Elena’s Family Heirloom Fruit Cakes

I love Great British Bake Off, don’t you? Even if you’ve never seen it (you should), baking is pretty awesome and a favourite past time of mine.

When I was a little girl, my grandmother used to make these darling little gems and keep them in an old Quality Street tin. She’d never offer you a cake, she’d just hold them at hip height and rotate the tin back and forth a few times. If there was a rumble, she concluded, there were fruit cakes, and they were probably good enough to eat. Only then would she remove the lid and offer you a cake. When she passed away in 2011, I made it my personal goal to make these little darlings and serve them in a Quality Street tin at her funeral, just like she would have done if she were there. I later found out that this recipe has been handed down to me by at least five generations!

It’s important to note that this recipe calls for going by sight, not weight. None of us are perfectionists, and in my blood line “about” is a perfectly acceptable unit of measurement. Use scales, but don’t use them too precisely. They are quite a dense cake and definitely aren’t a sponge, but don’t let that put you off.

Oh, and if you have a gas oven rather than an electric oven, then they are much, much better!

For this recipe, you will need:

  • About 8 oz/230g white self-raising flour
  • About 4oz/115g salted butter
  • About 4oz/115g 4oz granulated white sugar
  • 2 free-range eggs
  • A little milk
  • 1-2 handfuls sultanas

You will also need:

  • A large mixing bowl (glass preferred, but not essential)
  • A wooden spoon
  • Kitchen scales
  • A mug
  • A fork
  • A 12-hole muffin tray OR an 8-inch round cake tin
  • 12 muffin cases OR greaseproof paper
  • Wire cooling rack

The Method:

  • Heat the oven on gas mark 5/190 ° C/375 ° F.
  • Line the muffin tray or cake tin with muffin cases or greaseproof paper and set aside.
  • In a large mixing bowl, crumb together the butter, sugar and flour until fine crumbs are formed.
  • Crack the eggs into a mug and whisk well with a fork.
  • Make a well in the crumb mixture and add the eggs and dried fruit. Mix thoroughly to combine all ingredients.
  • The mixture should fall off of the spoon with little effort when raised. If it’s too dry, add a little milk. If it’s too wet, add a little more flour.
  • Beat the mixture for 1-2 minutes to incorporate plenty of air.
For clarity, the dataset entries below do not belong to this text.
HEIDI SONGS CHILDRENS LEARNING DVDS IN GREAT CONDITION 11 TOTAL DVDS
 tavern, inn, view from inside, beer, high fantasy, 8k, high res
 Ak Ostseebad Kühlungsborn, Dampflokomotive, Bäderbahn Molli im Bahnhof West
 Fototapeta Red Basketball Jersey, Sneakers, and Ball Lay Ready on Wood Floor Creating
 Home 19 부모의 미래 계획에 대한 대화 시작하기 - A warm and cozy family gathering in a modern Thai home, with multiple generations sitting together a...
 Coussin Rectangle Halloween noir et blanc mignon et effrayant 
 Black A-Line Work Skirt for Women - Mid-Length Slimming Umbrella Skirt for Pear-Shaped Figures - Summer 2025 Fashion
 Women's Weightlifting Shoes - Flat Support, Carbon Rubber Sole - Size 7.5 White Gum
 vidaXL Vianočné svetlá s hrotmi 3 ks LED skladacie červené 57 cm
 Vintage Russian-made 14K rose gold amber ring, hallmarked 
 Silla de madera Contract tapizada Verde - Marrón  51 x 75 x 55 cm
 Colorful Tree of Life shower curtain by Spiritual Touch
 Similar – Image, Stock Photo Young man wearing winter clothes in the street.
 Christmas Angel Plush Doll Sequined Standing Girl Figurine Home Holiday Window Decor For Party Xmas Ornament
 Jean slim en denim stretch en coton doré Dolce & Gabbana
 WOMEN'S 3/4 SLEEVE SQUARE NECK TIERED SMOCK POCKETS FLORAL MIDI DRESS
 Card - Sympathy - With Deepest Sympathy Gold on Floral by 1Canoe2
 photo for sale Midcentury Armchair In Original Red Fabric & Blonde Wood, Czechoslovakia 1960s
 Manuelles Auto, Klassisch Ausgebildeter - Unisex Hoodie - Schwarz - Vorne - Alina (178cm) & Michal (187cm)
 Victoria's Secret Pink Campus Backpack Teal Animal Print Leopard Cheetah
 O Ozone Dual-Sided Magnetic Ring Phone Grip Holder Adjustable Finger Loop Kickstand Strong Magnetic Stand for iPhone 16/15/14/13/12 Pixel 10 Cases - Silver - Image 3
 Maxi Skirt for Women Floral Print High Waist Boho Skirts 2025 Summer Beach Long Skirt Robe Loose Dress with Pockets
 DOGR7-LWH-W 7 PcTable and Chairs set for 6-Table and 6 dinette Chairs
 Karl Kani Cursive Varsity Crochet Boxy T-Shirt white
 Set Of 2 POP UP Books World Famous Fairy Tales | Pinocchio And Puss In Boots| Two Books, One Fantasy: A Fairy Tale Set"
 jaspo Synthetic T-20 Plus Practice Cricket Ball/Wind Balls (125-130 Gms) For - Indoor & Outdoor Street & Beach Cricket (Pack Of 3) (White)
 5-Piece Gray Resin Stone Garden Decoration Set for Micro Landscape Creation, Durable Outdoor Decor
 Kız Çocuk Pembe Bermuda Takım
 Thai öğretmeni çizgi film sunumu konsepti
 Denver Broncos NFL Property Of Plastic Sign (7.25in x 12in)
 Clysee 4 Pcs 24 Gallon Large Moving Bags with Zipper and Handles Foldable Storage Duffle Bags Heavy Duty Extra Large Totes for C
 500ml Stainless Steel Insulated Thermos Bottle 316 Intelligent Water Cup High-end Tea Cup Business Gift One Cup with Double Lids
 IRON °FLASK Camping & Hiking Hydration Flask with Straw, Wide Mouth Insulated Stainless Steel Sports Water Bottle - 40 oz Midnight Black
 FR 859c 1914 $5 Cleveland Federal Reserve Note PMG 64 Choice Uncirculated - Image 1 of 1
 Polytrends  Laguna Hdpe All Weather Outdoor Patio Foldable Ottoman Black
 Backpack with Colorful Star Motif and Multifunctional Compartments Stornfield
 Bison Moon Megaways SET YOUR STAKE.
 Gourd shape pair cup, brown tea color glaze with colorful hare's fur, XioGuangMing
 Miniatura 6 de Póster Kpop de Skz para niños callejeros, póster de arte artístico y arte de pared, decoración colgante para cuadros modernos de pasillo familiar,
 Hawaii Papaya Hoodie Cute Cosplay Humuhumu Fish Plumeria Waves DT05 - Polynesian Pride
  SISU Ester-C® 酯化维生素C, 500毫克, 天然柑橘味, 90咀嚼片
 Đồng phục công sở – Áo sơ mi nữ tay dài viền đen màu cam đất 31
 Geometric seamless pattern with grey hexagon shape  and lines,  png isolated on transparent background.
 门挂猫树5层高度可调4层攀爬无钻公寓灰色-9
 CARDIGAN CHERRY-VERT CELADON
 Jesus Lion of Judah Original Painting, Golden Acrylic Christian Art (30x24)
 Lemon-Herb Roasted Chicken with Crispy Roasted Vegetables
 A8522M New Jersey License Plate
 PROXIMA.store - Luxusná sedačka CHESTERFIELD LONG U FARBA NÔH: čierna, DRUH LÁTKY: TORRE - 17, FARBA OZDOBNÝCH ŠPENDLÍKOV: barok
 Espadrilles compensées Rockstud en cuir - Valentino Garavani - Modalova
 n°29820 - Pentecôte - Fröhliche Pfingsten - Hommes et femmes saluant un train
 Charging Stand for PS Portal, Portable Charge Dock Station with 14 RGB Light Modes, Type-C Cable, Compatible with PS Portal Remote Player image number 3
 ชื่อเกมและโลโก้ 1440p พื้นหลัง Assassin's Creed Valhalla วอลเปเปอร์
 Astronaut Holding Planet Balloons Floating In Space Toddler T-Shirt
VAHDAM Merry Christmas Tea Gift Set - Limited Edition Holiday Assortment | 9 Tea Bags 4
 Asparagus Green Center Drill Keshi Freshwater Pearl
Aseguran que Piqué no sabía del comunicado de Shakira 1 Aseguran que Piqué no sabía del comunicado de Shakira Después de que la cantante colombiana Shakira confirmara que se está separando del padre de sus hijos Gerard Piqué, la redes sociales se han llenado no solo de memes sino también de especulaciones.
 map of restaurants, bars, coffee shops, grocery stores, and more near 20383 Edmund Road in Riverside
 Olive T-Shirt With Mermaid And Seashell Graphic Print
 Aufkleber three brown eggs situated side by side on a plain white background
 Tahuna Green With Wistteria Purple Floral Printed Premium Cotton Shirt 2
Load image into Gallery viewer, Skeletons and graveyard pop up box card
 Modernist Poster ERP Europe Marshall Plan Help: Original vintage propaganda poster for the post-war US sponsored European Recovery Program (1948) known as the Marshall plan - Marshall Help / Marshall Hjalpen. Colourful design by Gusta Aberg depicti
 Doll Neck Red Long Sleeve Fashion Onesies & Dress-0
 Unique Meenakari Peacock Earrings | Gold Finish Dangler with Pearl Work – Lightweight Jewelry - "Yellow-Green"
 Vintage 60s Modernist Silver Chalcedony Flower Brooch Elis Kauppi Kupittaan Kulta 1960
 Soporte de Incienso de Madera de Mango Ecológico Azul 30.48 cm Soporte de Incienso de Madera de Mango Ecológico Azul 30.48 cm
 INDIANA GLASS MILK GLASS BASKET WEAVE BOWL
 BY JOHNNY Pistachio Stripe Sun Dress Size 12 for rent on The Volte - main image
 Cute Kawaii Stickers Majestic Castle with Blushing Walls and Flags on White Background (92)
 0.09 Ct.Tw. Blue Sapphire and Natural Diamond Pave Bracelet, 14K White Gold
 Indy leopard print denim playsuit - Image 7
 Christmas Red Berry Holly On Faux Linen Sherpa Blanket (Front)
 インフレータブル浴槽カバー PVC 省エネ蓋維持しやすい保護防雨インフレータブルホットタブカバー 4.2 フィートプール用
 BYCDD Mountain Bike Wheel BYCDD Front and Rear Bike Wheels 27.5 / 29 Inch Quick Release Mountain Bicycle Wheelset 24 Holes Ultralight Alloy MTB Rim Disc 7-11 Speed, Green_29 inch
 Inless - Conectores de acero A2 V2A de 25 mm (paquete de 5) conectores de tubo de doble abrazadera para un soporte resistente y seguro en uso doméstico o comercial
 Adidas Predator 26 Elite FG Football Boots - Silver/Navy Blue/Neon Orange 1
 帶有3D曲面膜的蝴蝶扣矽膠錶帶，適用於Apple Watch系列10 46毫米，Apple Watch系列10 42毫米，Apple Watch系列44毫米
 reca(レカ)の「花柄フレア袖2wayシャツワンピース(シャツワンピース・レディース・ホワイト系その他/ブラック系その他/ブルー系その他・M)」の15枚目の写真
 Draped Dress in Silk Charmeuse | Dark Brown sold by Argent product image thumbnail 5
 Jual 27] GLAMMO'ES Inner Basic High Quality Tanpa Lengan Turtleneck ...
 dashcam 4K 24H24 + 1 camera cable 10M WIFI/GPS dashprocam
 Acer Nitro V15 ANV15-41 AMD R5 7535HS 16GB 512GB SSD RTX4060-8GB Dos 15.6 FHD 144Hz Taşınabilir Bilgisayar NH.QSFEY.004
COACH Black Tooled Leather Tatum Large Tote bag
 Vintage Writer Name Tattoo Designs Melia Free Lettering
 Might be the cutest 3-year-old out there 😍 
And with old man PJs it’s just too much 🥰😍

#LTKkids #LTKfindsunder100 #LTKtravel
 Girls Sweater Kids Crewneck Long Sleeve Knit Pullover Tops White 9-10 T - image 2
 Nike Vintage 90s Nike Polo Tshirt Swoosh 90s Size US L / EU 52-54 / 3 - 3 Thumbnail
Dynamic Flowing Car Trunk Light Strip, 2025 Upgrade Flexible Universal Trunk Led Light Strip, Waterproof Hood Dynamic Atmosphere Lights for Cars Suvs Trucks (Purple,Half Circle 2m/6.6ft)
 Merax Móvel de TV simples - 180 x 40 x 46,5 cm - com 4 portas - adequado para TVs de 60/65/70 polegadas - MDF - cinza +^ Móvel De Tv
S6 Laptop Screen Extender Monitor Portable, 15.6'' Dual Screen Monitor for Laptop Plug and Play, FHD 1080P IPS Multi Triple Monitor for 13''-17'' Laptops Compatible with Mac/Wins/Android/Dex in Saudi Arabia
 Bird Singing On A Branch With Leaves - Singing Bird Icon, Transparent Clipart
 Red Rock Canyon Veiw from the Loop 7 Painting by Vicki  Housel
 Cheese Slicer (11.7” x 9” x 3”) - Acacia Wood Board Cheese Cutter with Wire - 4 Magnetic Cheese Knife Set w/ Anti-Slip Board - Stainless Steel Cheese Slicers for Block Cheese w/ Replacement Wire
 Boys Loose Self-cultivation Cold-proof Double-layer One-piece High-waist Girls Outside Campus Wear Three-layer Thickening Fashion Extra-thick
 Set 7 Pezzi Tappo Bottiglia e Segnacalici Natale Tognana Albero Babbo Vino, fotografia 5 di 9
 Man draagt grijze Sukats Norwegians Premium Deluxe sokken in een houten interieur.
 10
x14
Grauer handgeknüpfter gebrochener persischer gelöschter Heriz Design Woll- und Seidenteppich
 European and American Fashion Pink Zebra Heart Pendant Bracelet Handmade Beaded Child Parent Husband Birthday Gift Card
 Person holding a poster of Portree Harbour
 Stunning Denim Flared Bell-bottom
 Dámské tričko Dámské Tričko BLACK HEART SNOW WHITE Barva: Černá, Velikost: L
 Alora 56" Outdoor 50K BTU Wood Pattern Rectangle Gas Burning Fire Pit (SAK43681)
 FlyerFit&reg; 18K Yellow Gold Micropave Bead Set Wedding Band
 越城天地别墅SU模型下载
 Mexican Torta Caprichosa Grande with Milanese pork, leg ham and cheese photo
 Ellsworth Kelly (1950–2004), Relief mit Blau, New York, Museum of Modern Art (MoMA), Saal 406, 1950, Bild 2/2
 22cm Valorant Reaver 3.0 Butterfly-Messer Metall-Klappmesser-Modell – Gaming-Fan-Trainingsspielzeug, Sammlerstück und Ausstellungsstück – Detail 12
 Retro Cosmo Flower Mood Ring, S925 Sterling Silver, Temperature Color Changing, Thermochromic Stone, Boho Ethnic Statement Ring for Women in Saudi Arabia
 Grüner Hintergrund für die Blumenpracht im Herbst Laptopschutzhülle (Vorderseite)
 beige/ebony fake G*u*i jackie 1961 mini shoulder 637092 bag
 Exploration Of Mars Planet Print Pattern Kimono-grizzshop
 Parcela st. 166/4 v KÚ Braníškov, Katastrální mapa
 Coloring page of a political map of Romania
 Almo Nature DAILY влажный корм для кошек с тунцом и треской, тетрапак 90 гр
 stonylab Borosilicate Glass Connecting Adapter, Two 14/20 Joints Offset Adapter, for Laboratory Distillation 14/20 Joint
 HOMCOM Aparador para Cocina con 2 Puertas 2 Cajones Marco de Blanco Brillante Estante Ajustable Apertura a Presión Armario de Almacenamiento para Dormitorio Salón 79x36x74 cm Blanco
The cake batter should appear glossy and the sultanas should be covered.
  • Once ready, transfer the mixture and share or spread evenly into your lined cases or tin.
  • Bake the cakes in the middle of the oven for approximately 25 minutes. If a skewer pierced through the top of the cake comes out clean, then your cake is ready.
  • Transfer the baked cake or cakes to a wire cooling rack and allow to cool completely.
  • This cake is best enjoyed with some lovely traditionally English breakfast tea!